Test Datasets

  • This notebooks generates a variety of large datasets that can be used for debugging and perf testing.

Import the necessary libaries


In [ ]:
import random
import graphistry as g
import pandas as pd
from random import choice
from string import ascii_letters
from IPython.display import IFrame

Check the version of the Graphistry module


In [ ]:
g.__version__

Set your API key and Graphistry Server Location

  • To use our public server at labs.graphistry.com, you must have a valid API key

In [ ]:
API_KEY = 'Go to www.graphistry.com/api-request to get your API key'

In [ ]:
g.register(api=1, key=API_KEY)

800K Edges, 1K Nodes (no attributes)


In [ ]:
edges = pd.DataFrame({'src': [ random.randint(0, 1000) for x in range(800000)], 
                      'dest': [random.randint(0, 1000) for x in range(800000)]})
edges[:3]

In [ ]:
g.edges(edges).bind(source='src', destination='dest').plot()

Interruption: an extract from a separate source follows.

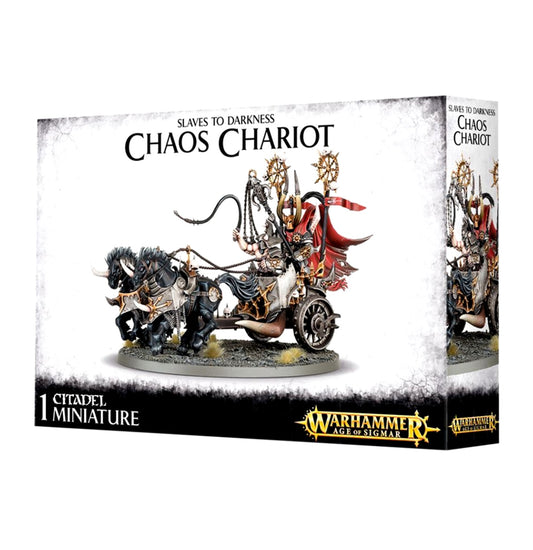Chariot Chaos Warriors Gorebeast Slaves To Darkness Warhammer Age Sigmar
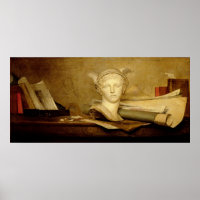 Stilleven met kenmerken van de kunsten, 1765-66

800K Edges, 1K Nodes (5 integer node and edge attributes)


In [ ]:
edges2 = edges;
nodes = pd.DataFrame({'name':[x for x in range(0, 1000)]})

In [ ]:
for i in range(5):
    edges2['intFld' + str(i)] = edges2.src.map(lambda x: random.randint(0, 100000))
    
for i in range(5):
    nodes['intFld' + str(i)] = nodes.name.map(lambda x: random.randint(0, 100000))

In [ ]:
g.edges(edges2).nodes(nodes).bind(source='src', destination='dest', node='name').plot()

50K edges, 100 nodes, 100 integer edges attributes 5 integer node attributes


In [ ]:
edges = pd.DataFrame({'src': [ random.randint(0, 100) for x in range(50000)], 'dest': [random.randint(0, 100) for x in range(50000)]})

In [ ]:
nodes = pd.DataFrame({'name':[x for x in range(0, 100)]})

In [ ]:
for i in range(100):
    edges['intFld' + str(i)] = edges.src.map(lambda x: random.randint(0, 100000))
    
for i in range(5):
    nodes['intFld' + str(i)] = nodes.name.map(lambda x: random.randint(0, 100000))

In [ ]:
g.edges(edges).nodes(nodes).bind(source='src', destination='dest', node='name').plot()

10K Edges, 100 Nodes (100 32 bytes random string edge attributes, 5 integer node attributes)


In [ ]:
edges = pd.DataFrame({'src': [ random.randint(0, 100) for x in range(10000)], 
                      'dest': [random.randint(0, 100) for x in range(10000)]})

In [ ]:
for i in range(100):
    edges['intFld' + str(i)] = edges.src.map(lambda x: (''.join(choice(ascii_letters) for i in range(32))))
for i in range(5):
    nodes['intFld' + str(i)] = nodes.name.map(lambda x: random.randint(0, 100000))

In [ ]:
g.edges(edges).nodes(nodes).bind(source='src', destination='dest', node='name').plot()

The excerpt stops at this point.